What's 'fair' about Fairtrade? Discuss

Posted in: Comment, New Publications

The Guardian reports that a study sponsored by the UK government has cast doubt on the effectiveness of Fairtrade in East Africa.  Generally, the study found, wages were higher on farms that were larger, commercial and not Fairtrade-certified.  Even comparing different smallholder sites, wages were generally lower in the areas dominated by Fairtrade producer organisations.  Social projects, paid for partly by the Fairtrade premium, were found not to provide equal benefit to all.  The researchers also reported that many of the poorest did not have access to facilities.  In one Fairtrade tea co-operative the modern toilets funded with the premium were exclusively for the use of senior managers.

The study also found that young people were widely used as labourers on both Fairtrade and other farms.

"When wage workers aged over 14 years were interviewed, a very large proportion of them said they had been working since the age of 10, or even earlier. … What is clear ... is that very significant numbers of young, school-age children are having to work for wages in the production of agricultural export crops, including Fairtrade-certified commodities."

The authors said a combination of idealism and naivety could explain why Fairtrade did not reach the poorest people in Ethiopia and Uganda.

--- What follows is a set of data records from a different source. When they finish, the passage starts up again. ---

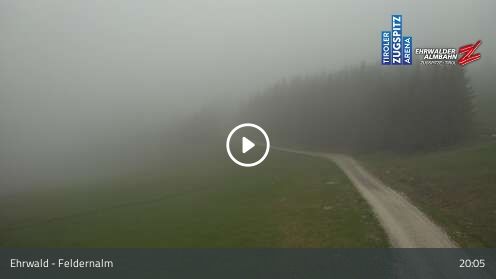 Webcam Feldernalm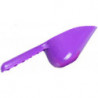 Control The Amount Of Cat And Dog Food Spoons For Healthy Pets, 3 Pcs, Random Color (shikai)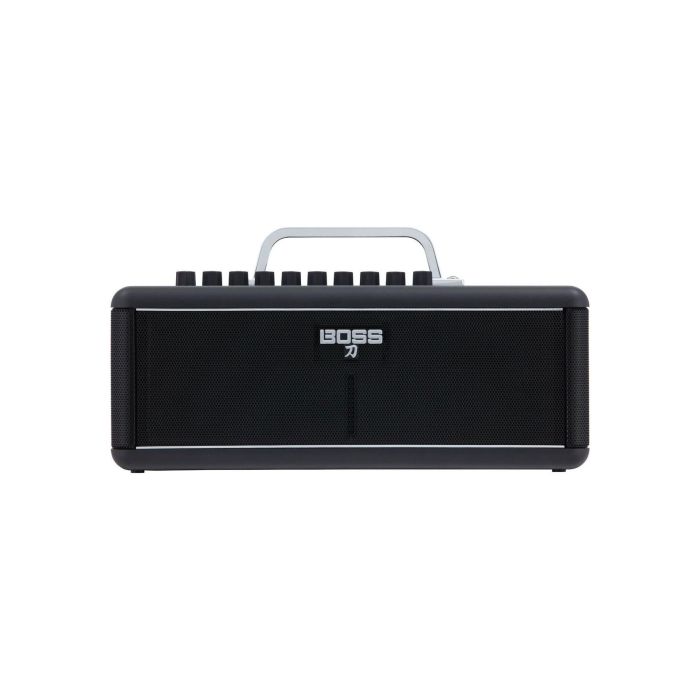 Amplificatore Boss KATANA AIR bluetooth 30w main product photo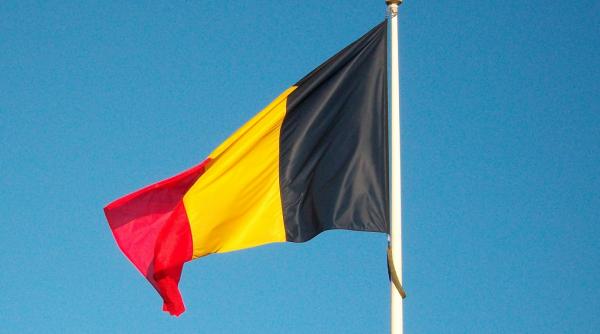 uzine in greva si manifestatii pentru o putere de cumparare mai mare in belgia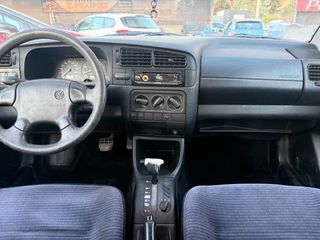 Volkswagen Golf 1993 ** ΑΥΤΟΜΑΤΟ **-thumb-14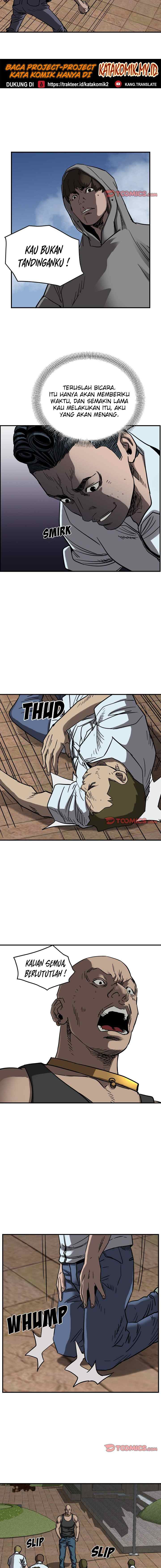 Legend: The Beginning chapter 72 halaman 7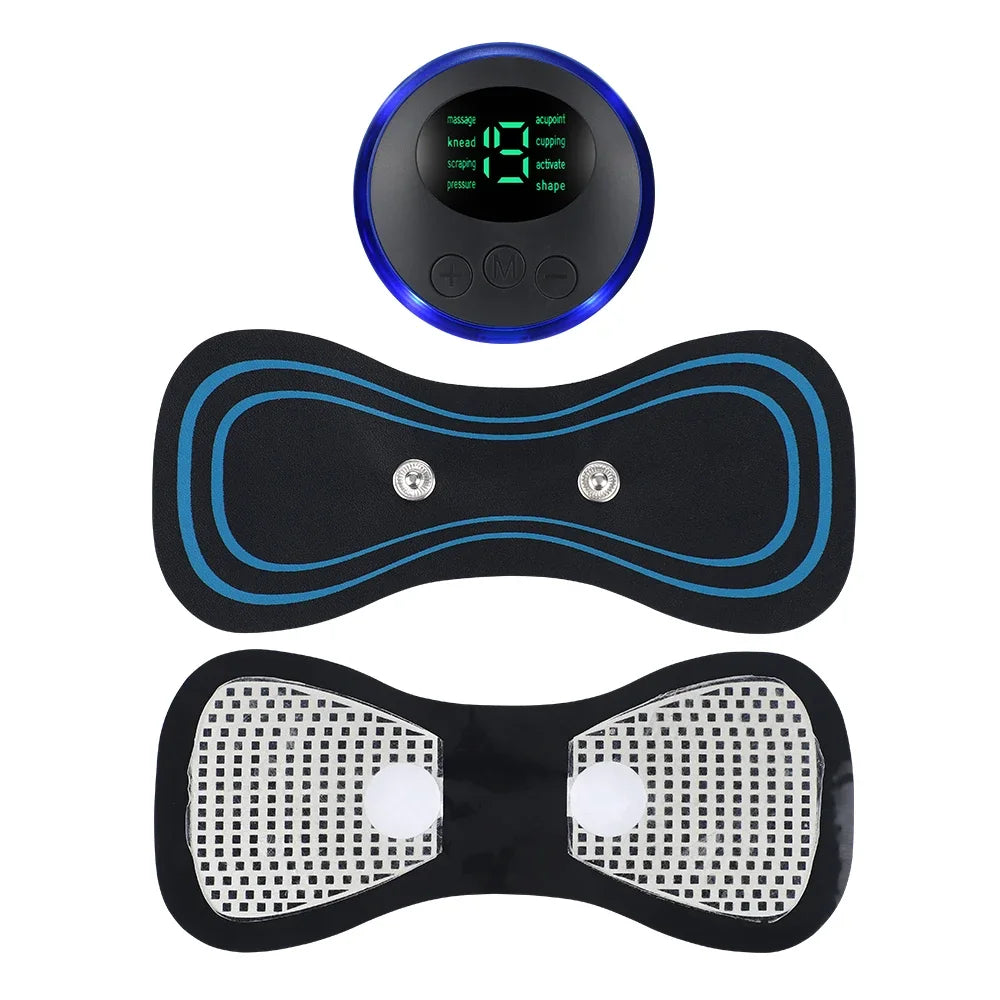 Neck Massager - Beauty Creation..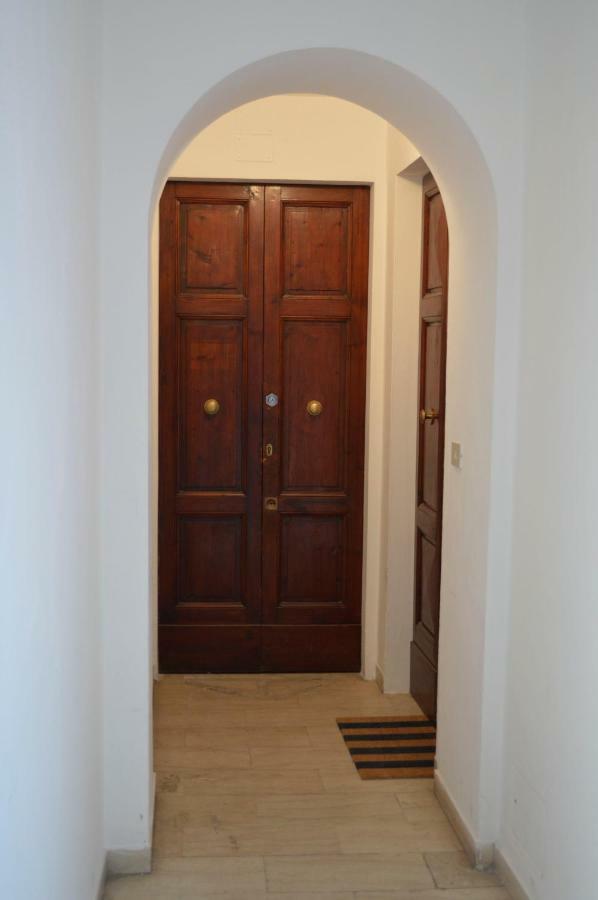 Viola Borgia Apartment Florence Exterior photo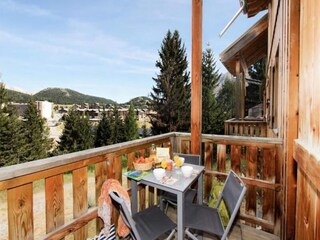 Appartement Dévoluy  7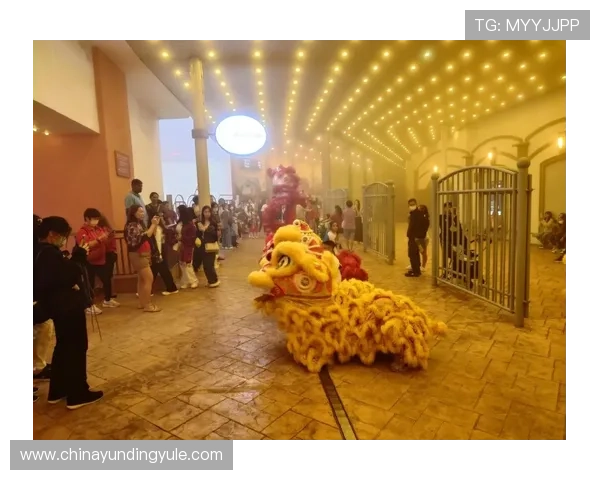 吉隆坡云顶赌场:享受高端娱乐设施与世界级餐饮体验的最佳选择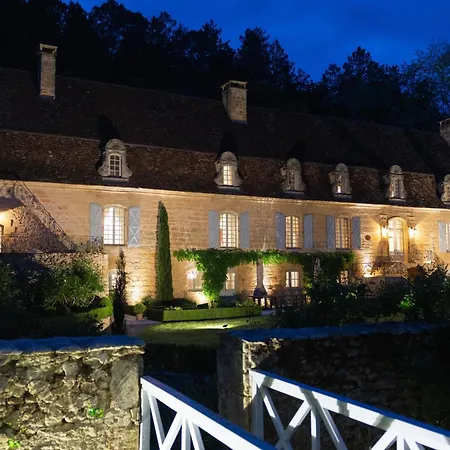 Chateau Forge Du Roy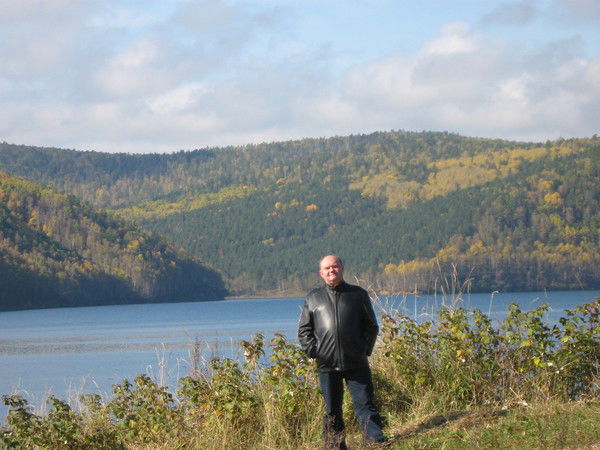 Евгений Тимачев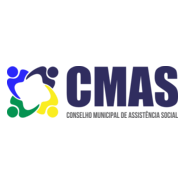 CMAS - CONSELHO MUNICIPAL DE ASSISTÊNCIA SOCIAL Logo PNG Vector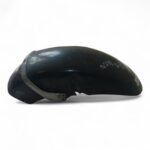 Kawasaki GPZ900 GPZ 900   Front Mudguard Fender OEM 35004-1155 - Image 4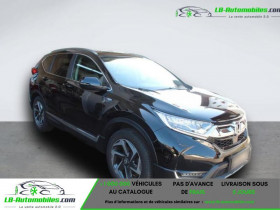 Honda CR-V 1.5 i-VTEC 2WD 173 ch BVM  occasion  Beaupuy - photo n2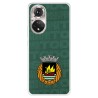 Funda para Honor 50 5G del Rio Ave FC Escudo Fondo Verde Escudo Fondo Verde - Licencia Oficial Rio Ave FC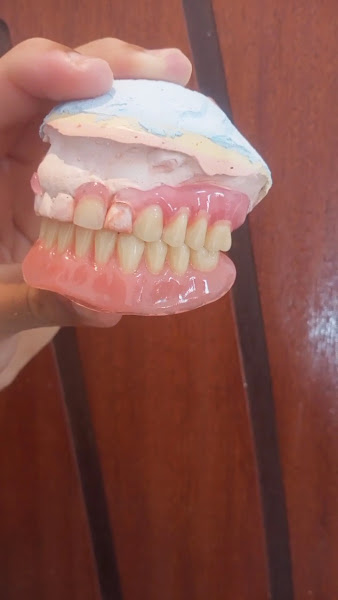 Foto 3 de Laboratório de prótese dentária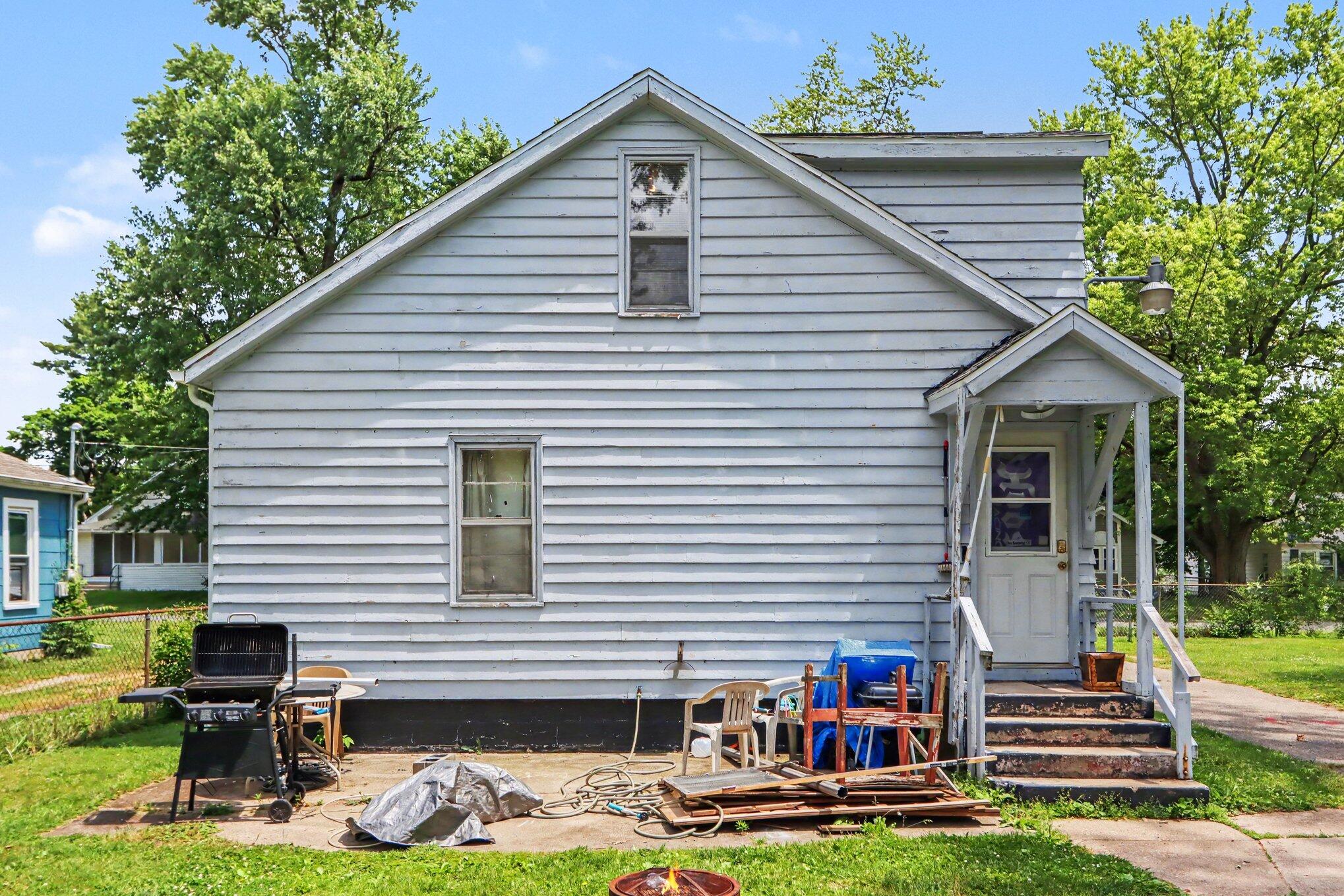 535 Washburn Avenue Kalamazoo MI 49048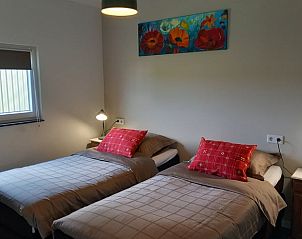 Unterkunft 431001 - Ferienhaus Noordoost Brabant - Vakantiehuisje in Boxmeer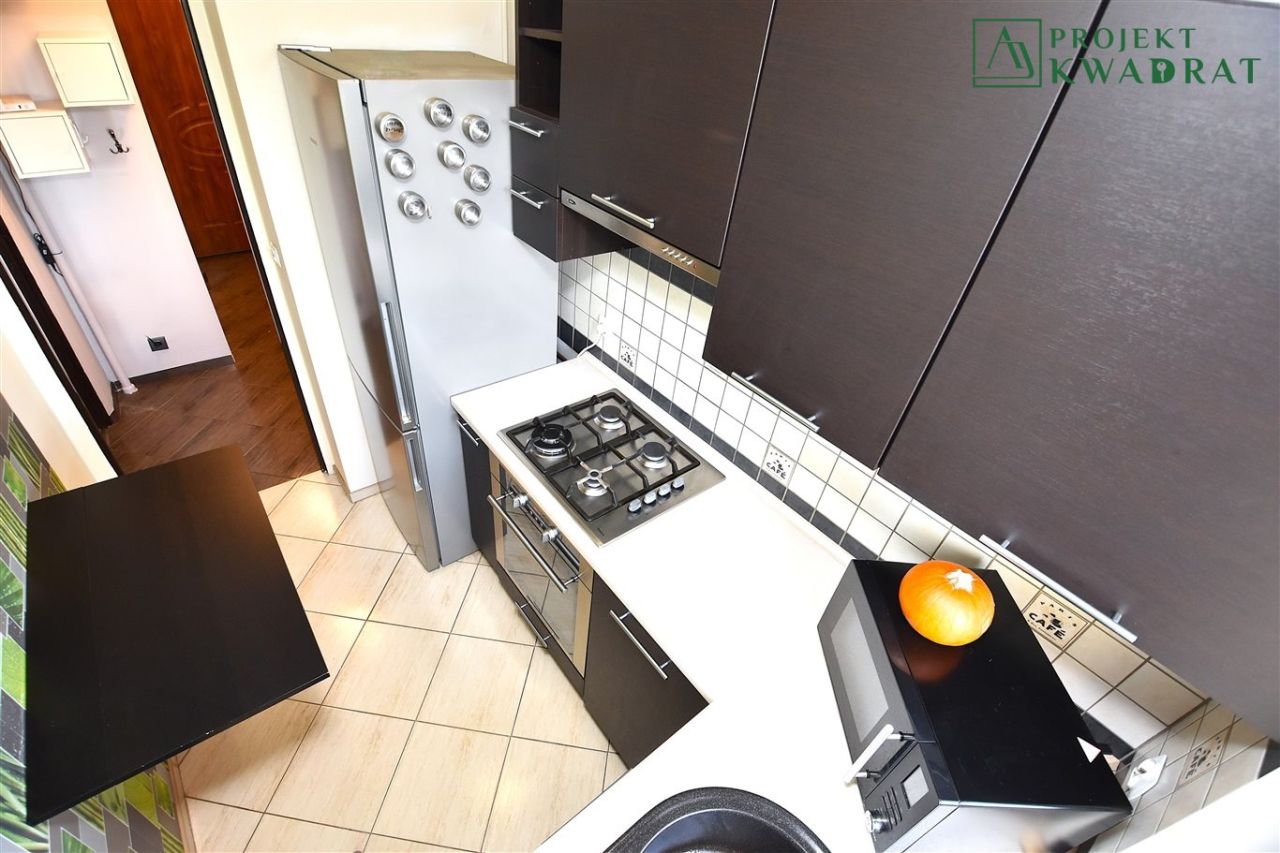 Mieszkanie 2-pokojowe Gliwice, ul. Fryderyka Chopina. Zdjęcie 7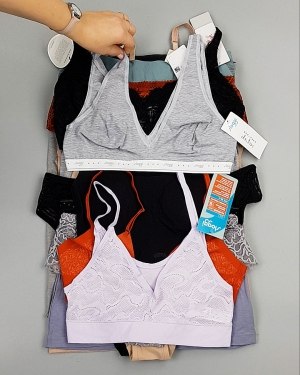 Фотография  179 - Нижнее белье TRIUMPH 104#33 шт, ЛОТ №7134 оптом в Кирове и Кировской области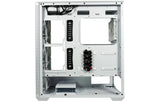 Lc-Power Midi Tower LC-811W-ON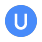 uKit logo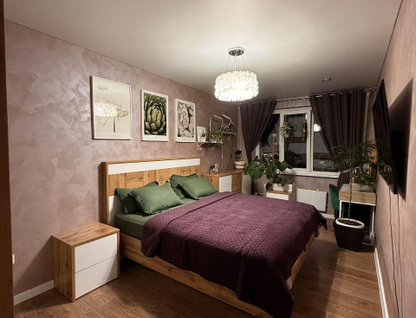 2-к. квартира, 66,1&nbsp;м²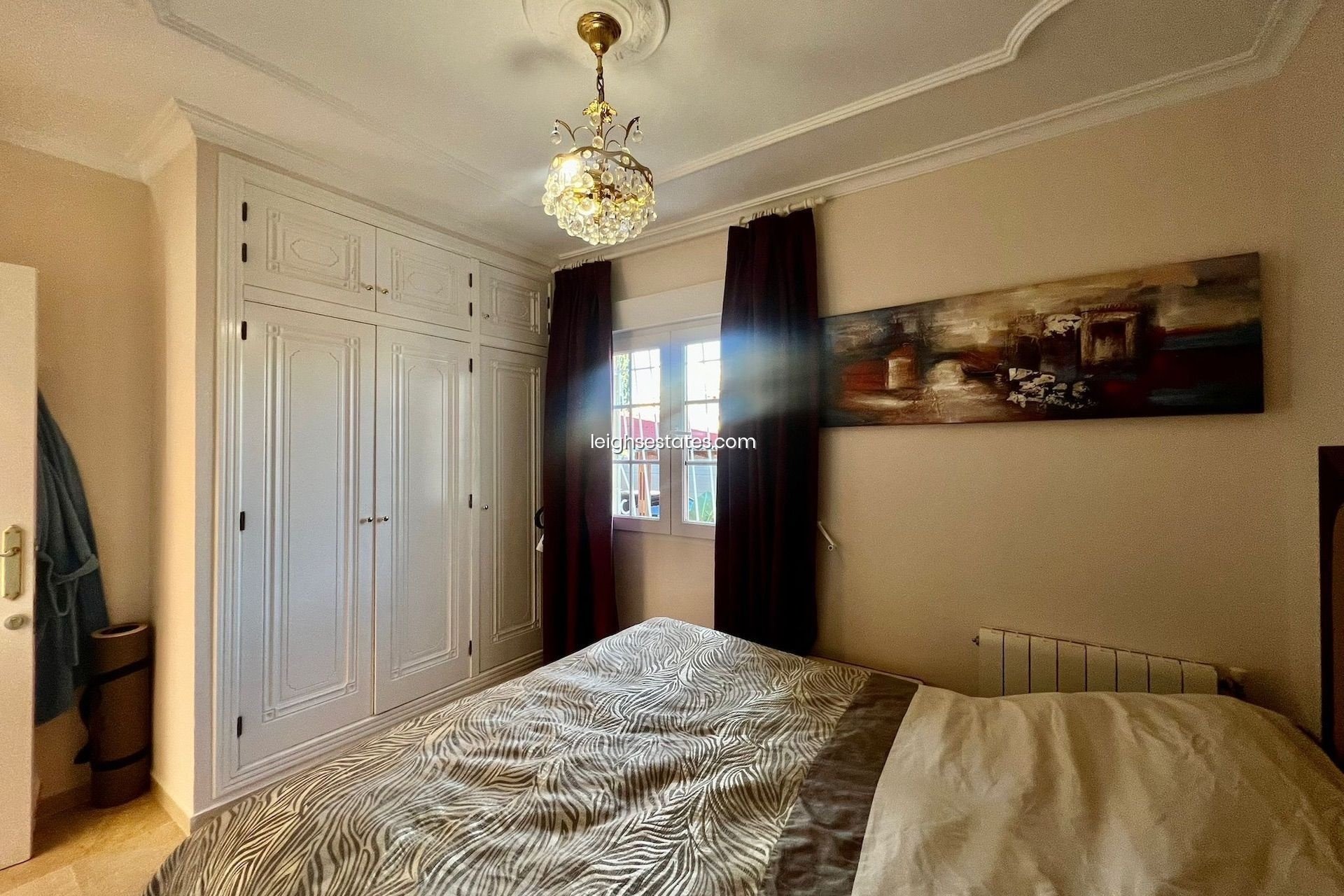 Resale - Villa -
Villamartin - Las Ramblas Golf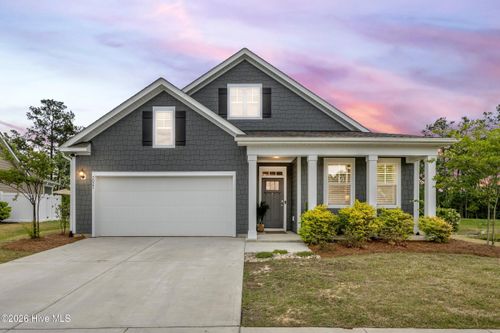 3021 Lochgreen Cir, Leland, NC, 28451-4311 | Card Image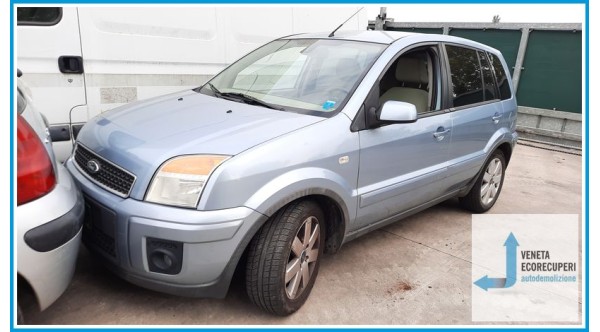 FORD FUSION CBK del 2006 parti usate e ricambi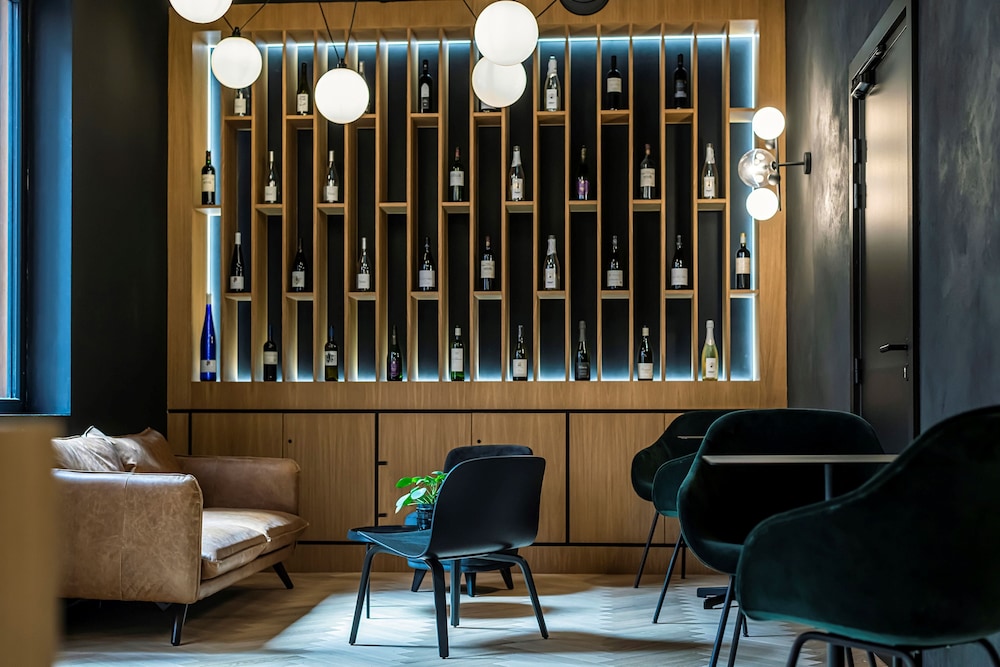 Hotel Tandem - Boutique Hotel 34/50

"One possibility is that Fairtrade producer organisations are always established in significantly poorer, more marginalised areas where an accumulation of disadvantages means smallholder farmers are unable to pay even the paltry wages offered by smallholders in other areas without Fairtrade producer organisations".

One of the authors of the report has an article about the research in Sunday's Observer.

Fairtrade International said the report's conclusions were unfair and generalised.

"In several places it compares wages and working conditions of workers in areas where small-scale Fairtrade-certified tea and coffee farmers were present with those on large-scale plantations in the same regions.  The report itself identifies farm size, scale and integration into global trade chains as major factors influencing conditions for wage workers, but then its conclusions appear to be based on unfair and distorted comparisons between farms and organisations of dramatically different size, nature and means.  When comparisons are based more on like-for-like situations, such as the study's own analysis of Ugandan coffee in small scale coffee production set-ups, it finds key areas where workers in areas with Fairtrade-certified farmer organisations in fact had better conditions compared with those in non-certified, such as free meals, overtime payments and loans and wage advances for workers.  This is in sharp contrast to the more generalised conclusions being presented by the School of Oriental and African Studies team."

Whatever the accuracy or justice of these different views, this looks like the sort of report and comment that should be welcomed and used by all global learning programmes in English schools – the sort promoted by DfID and the ubiquitous Pearson – if they want young people to be able to judge the merits of Fairtrade (and fair trade).  But will they?  As Paul Vare and I argued in Education for Sustainable development: two sides and an edge (published by DEA as a Thinkpiece), schools have sometimes been more keen on promoting Fairtrade (ESD1-style) as a socio-economic strategy, than critically examining it (as in EDS2).  This is an opportunity to redress any imbalance.